Ukraine’s most important ally may be the US Naval Academy’s admissions dept.
(Originally published April 19 in “What in the World“) The Republican Speaker of the U.S. House of Representatives, Mike Johnson, will put a bill reviving the flow of American military aid to Ukraine up for a vote, hoping to finally overcome his own party’s opposition to it—after reversing his own opposition to it.
After sending Ukraine $44.9 billion in weapons that slowly rose in range and effectiveness—from Stingers, howitzers and Himars rocket launchers, to Patriot missiles, Abrams battle tanks and F-16s—House Republicans pulled the plug last December just after the White House approved handing Kyiv long-range U.S. Army Tactical Missile Systems, or Atacms (now destroying Russian targets in Crimea). The party’s far-right wanted to hold Ukraine’s aid hostage to its domestic agenda, notably stemming the flow of immigrants across the southern U.S. border.
Republicans also groused belatedly about the lack of accountability around where U.S. weapons were going as Ukrainian President Volodymyr Zelensky pursued a crackdown last fall against military corruption that felled his own defense minister. And as Putin calculated, Americans became bored with Ukraine and its rising price tag last summer when Kyiv’s long-delayed spring counteroffensive fizzled. Then in October, Hamas attacked Israel, and Ukraine was swept quickly off the front page by events in Gaza and the expanding war in the Middle East.
But the war in Ukraine hasn’t ended. The Republican move sent Ukraine’s other allies in the North Atlantic Treaty Organization scurrying to keep Ukraine supplied with what is already a dangerously low global stockpile of artillery.

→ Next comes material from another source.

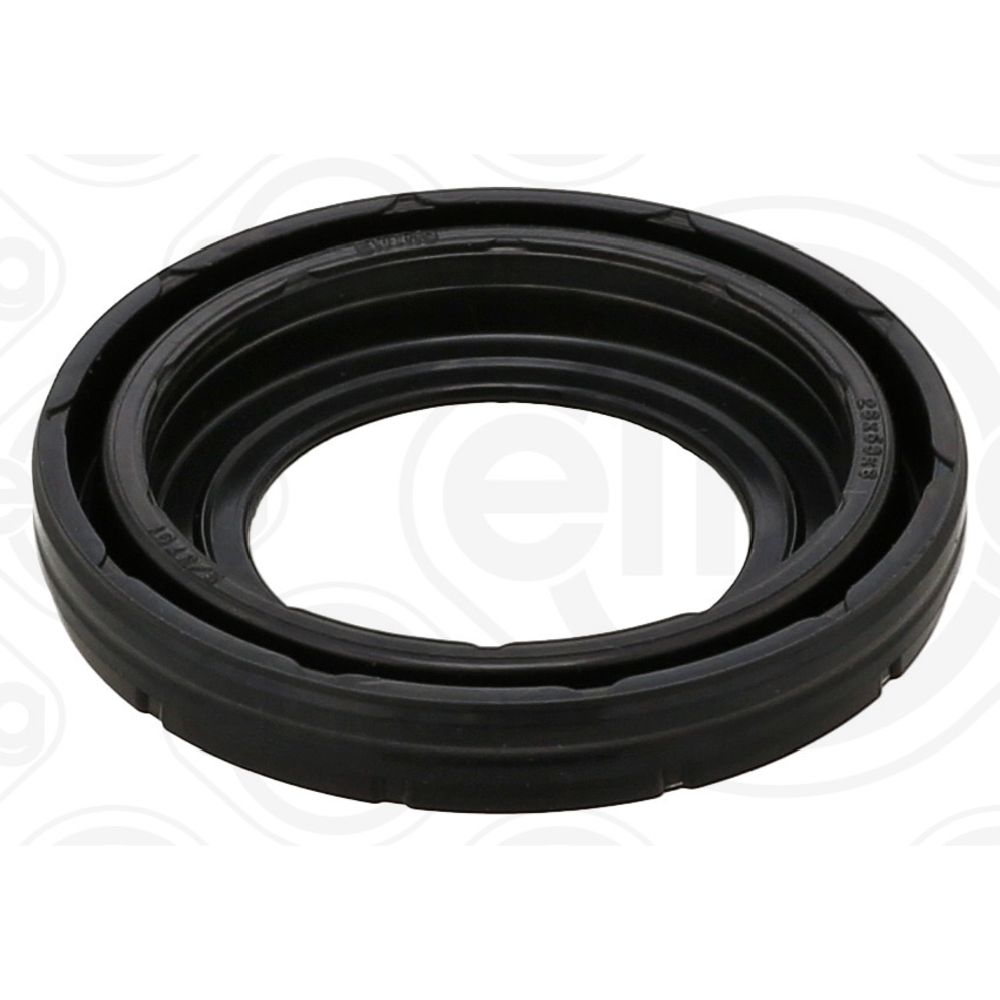 Alipainepumpun tiiviste 23-02364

That enabled other defense contractors to gain an edge in supplying Ukraine and demonstrating their battlefield prowess. War in Gaza made things even worse, as Israel started using artillery there that had been bound for Ukraine. In the meantime, Ukraine’s forces have come even closer to running out of ammo, enabling invading Russian forces to inch forward even as their own ammo shortages keep both sides locked in a deadly stalemate. Now it’s Russia that’s expected to launch a big summer offensive.
What’s changed on Capitol Hill? Republican opposition to Ukrainian assistance never squared well with its hawkish instincts, even if its leader, former President Donald Trump, has a predilection to support Russian President Vladimir Putin’s case in Ukraine. And holding up aid to Ukraine was also holding up weapons to protect Taiwan from potential invasion by China, which both Republicans and Democrats agree is America’s No.1 foe.

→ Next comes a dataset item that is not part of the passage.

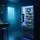 Smart Fridge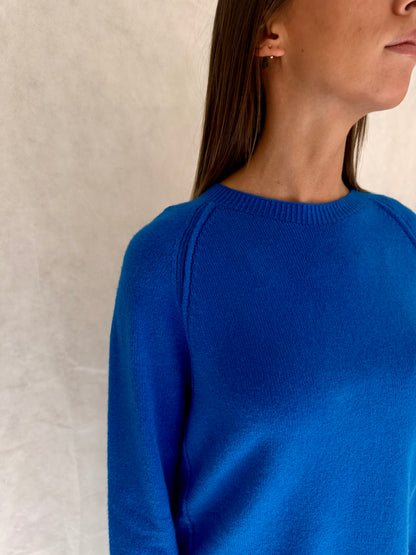 Milan Jumper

Zelensky has been playing his own cards, too. As observed in this space before, once you start arming a proxy, the proxy to some extent drives the relationship, since their actions become your actions, their provocations become your provocations, and their defeat, with or without your weapons, becomes your defeat. Pulling the plug isn’t an option. Escalation is inevitable.
So, when the White House wouldn’t give him the long-range attack drones he wanted for fear of provoking Putin into attacking NATO or going nuclear, Zelensky stepped up development of Ukraine’s own drones. Now, Ukrainian drones are proving capable of hitting Russian targets as far away as Siberia. And Kyiv is ignoring the White House’s requests for it to stop attacking targets in Russia. Zelensky’s message to Washington is clear: give me weapons to drive out the Russians or I will keep taking the fight to Putin.
But the biggest factor in clearing the Republic logjam to U.S. aid to Ukraine may be personal. Johnson’s own son starts at the U.S. Naval Academy later this year, meaning that if Russia wins in Ukraine, Johnson Jr. could be deployed in the European theater facing down what NATO increasingly fears would be an invasion of the Baltics. A continued proxy fight in Ukraine is preferable to an American parent than a full-fledged war in which U.S. troops have to honor America’s commitment to defending its NATO allies. Or as Johnson put it: “This is a live fire exercise for me, as it is for so many American families. This is not a game. It’s not a joke. We can’t play politics on this. We have to do the right thing.”